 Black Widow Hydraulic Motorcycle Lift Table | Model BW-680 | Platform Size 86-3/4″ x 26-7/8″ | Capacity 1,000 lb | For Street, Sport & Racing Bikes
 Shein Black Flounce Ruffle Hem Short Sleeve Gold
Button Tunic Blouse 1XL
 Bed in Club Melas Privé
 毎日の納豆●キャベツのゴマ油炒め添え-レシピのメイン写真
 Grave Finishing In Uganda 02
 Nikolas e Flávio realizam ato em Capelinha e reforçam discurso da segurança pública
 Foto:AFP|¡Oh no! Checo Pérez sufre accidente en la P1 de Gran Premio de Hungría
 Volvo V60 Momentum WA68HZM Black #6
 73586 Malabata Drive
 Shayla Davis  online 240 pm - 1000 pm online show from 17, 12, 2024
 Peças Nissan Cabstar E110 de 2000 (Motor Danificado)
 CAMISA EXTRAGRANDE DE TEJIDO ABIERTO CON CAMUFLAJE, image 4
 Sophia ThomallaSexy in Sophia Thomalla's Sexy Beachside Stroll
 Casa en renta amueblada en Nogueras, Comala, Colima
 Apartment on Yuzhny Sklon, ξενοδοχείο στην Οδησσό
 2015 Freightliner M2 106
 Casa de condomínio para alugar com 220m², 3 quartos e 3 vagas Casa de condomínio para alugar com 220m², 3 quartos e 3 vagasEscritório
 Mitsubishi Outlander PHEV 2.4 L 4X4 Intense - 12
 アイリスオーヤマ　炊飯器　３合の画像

## WORK INSTRUCTIONS
Copy out the lines starting at the one containing "e 3 vagasEscritório" and ending with the last line of the entries. Include nothing else.

## ANSWER TO THIS EXERCISE
 Casa de condomínio para alugar com 220m², 3 quartos e 3 vagas Casa de condomínio para alugar com 220m², 3 quartos e 3 vagasEscritório
 Mitsubishi Outlander PHEV 2.4 L 4X4 Intense - 12
 アイリスオーヤマ　炊飯器　３合の画像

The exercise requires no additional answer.